Work item: Starting at the line that contains "Becky Coyle - @BeckyCoyle1 - Twitter", repeat each line of the listing below through the last one, exactly, and leave out every picture.
---------- Exercise data ----------
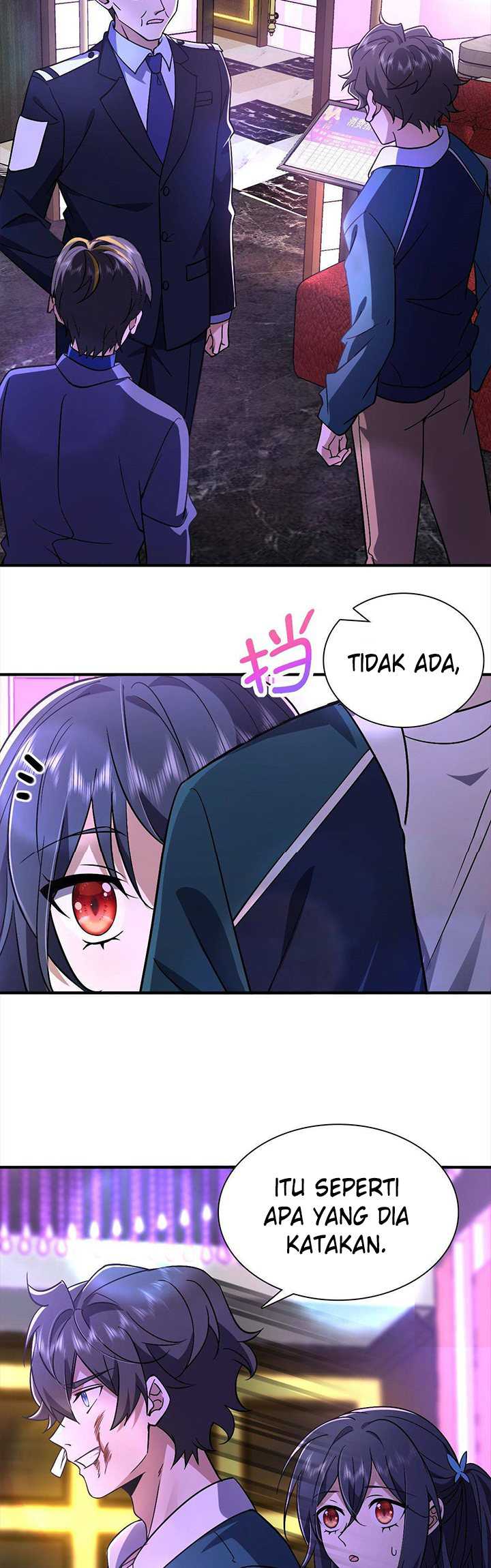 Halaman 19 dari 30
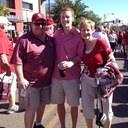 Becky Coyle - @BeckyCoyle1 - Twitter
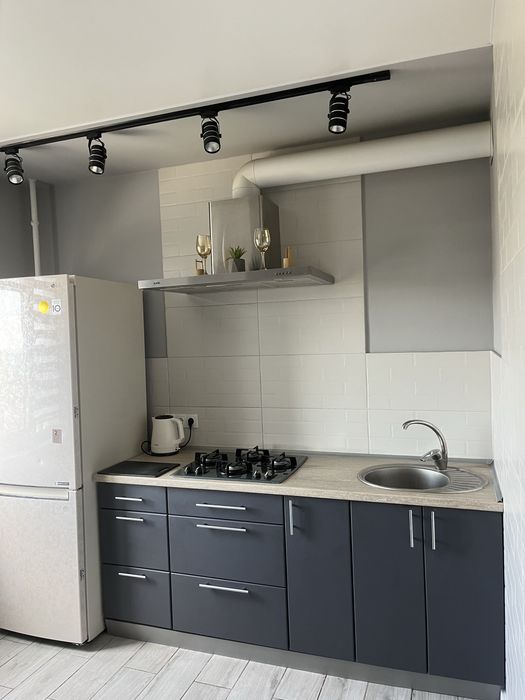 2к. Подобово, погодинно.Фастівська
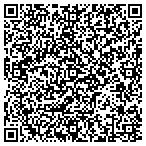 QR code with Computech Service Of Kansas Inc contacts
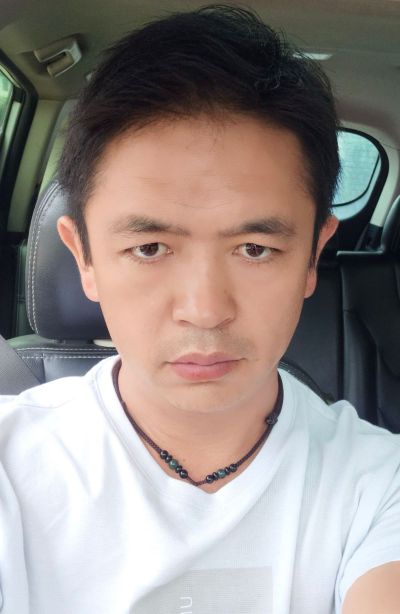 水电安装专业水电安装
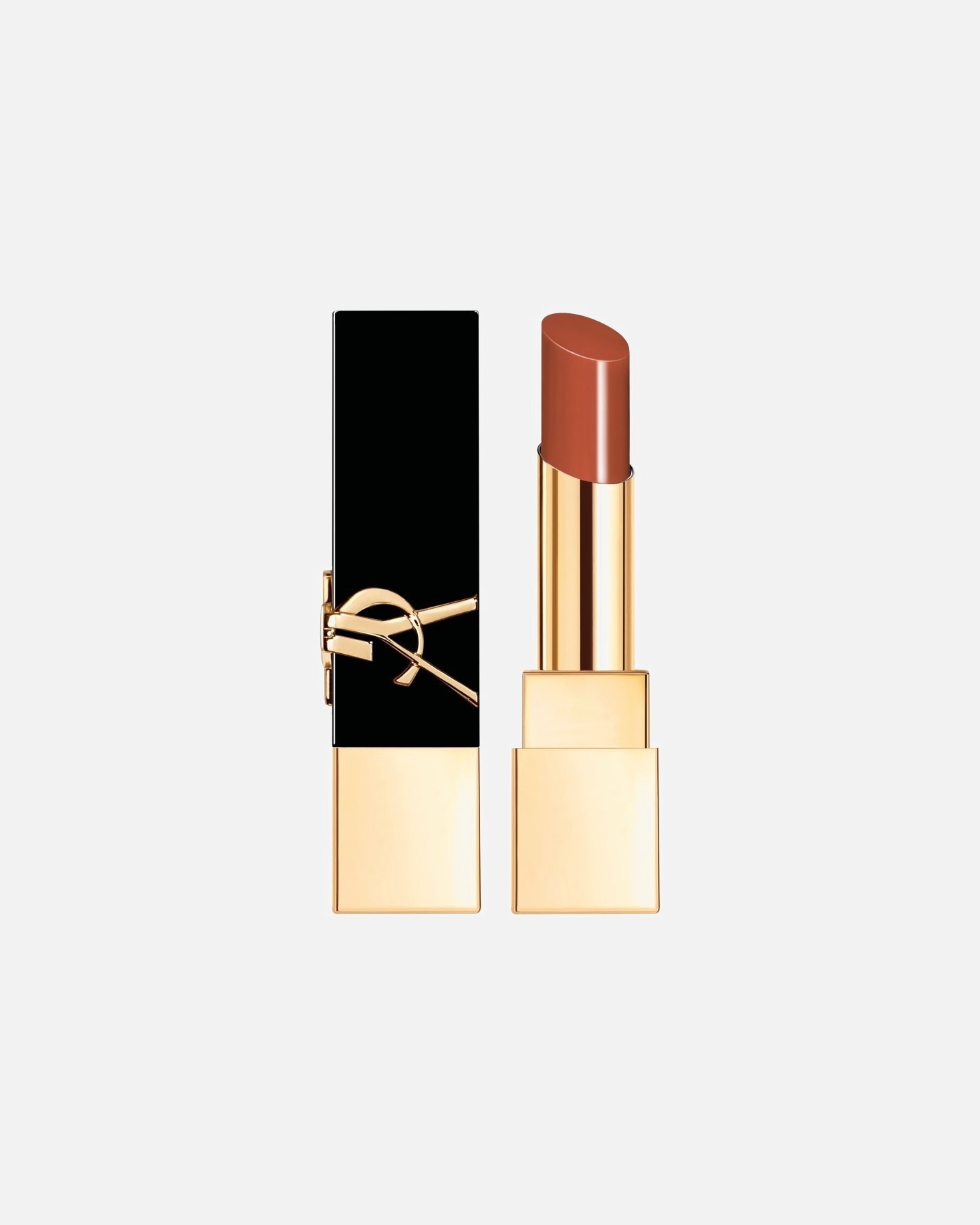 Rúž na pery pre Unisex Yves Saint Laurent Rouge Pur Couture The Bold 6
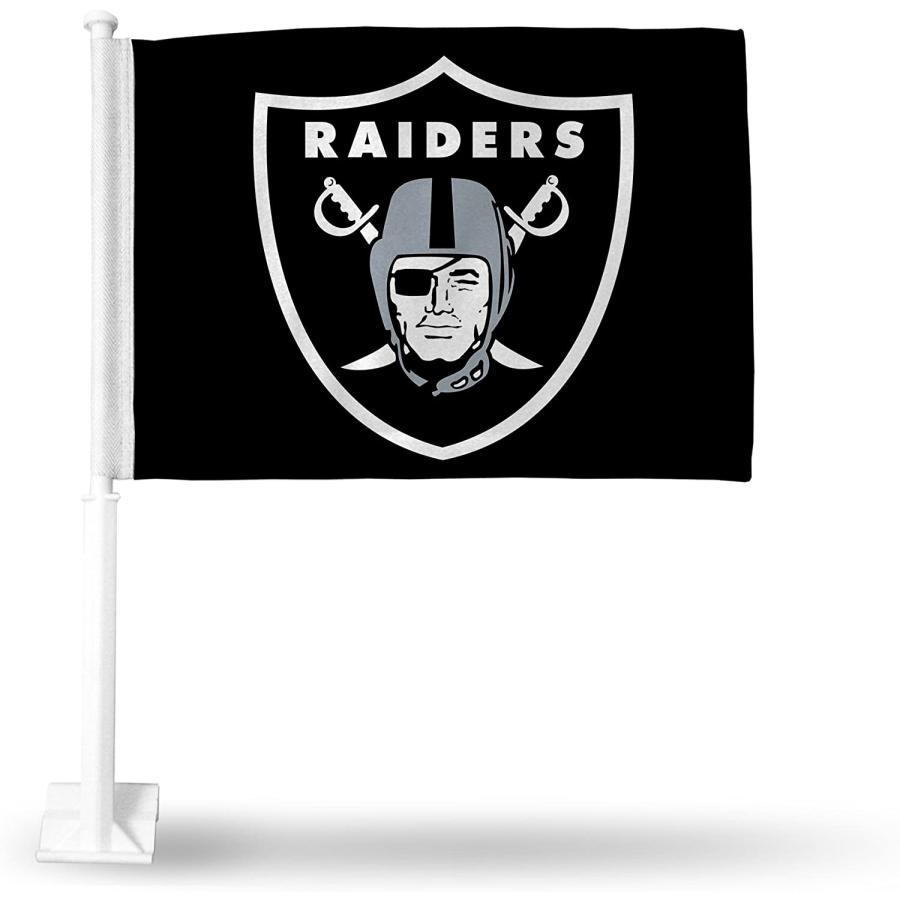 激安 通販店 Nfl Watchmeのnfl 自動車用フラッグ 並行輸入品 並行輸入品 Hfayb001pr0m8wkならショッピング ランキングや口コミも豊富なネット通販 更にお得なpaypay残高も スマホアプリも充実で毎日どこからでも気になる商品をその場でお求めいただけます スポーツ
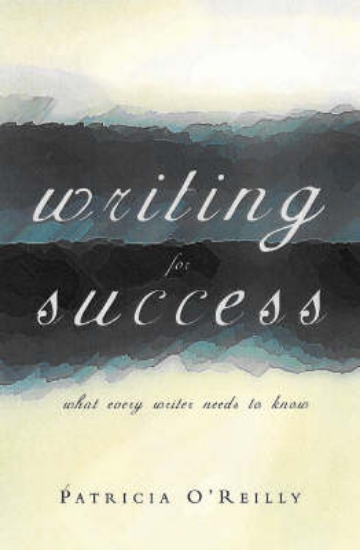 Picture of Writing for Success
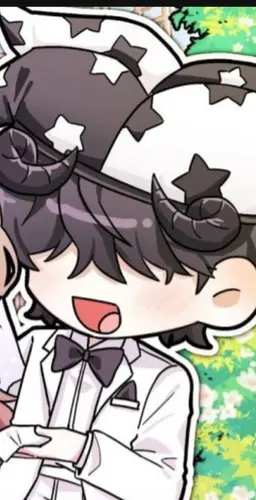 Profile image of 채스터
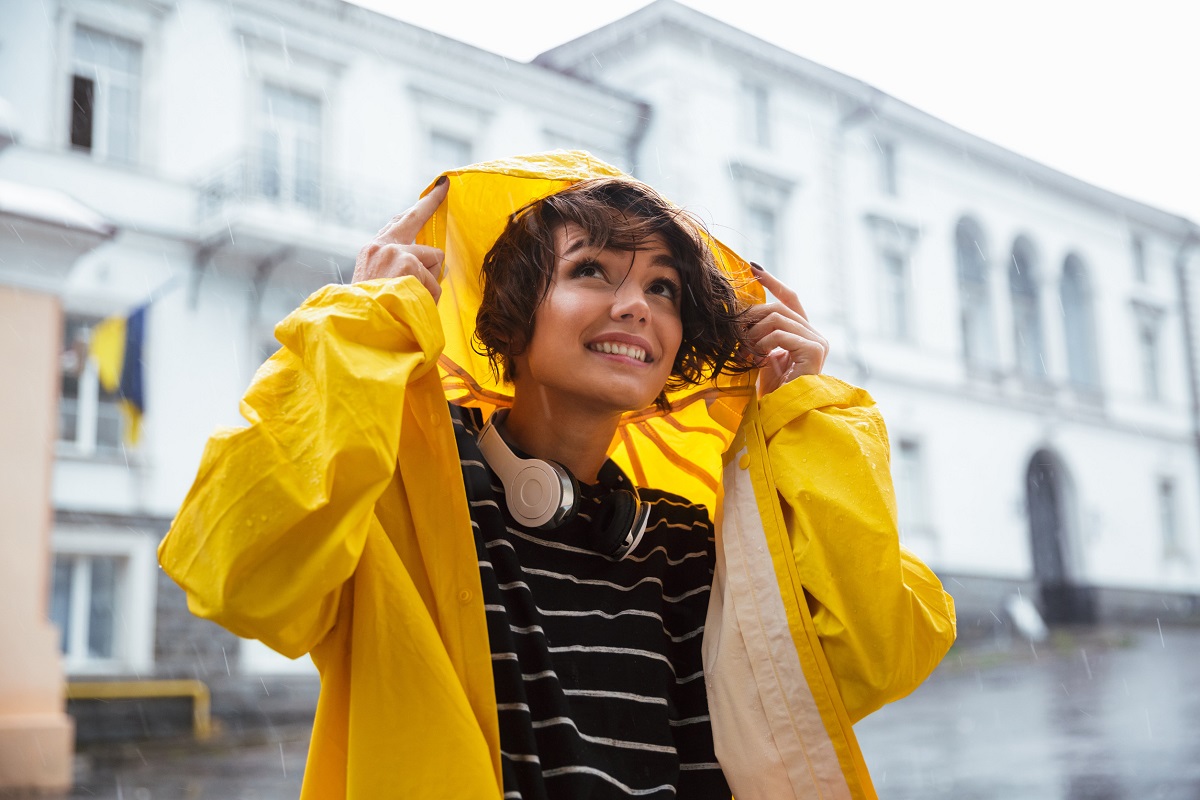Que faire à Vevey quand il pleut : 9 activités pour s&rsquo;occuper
----------
Result for this exercise:
 Becky Coyle - @BeckyCoyle1 - Twitter
 2к. Подобово, погодинно.Фастівська
 QR code with Computech Service Of Kansas Inc contacts
 水电安装专业水电安装
 Rúž na pery pre Unisex Yves Saint Laurent Rouge Pur Couture The Bold 6
 激安 通販店 Nfl Watchmeのnfl 自動車用フラッグ 並行輸入品 並行輸入品 Hfayb001pr0m8wkならショッピング ランキングや口コミも豊富なネット通販 更にお得なpaypay残高も スマホアプリも充実で毎日どこからでも気になる商品をその場でお求めいただけます スポーツ
 Picture of Writing for Success
 Profile image of 채스터
Que faire à Vevey quand il pleut : 9 activités pour s&rsquo;occuper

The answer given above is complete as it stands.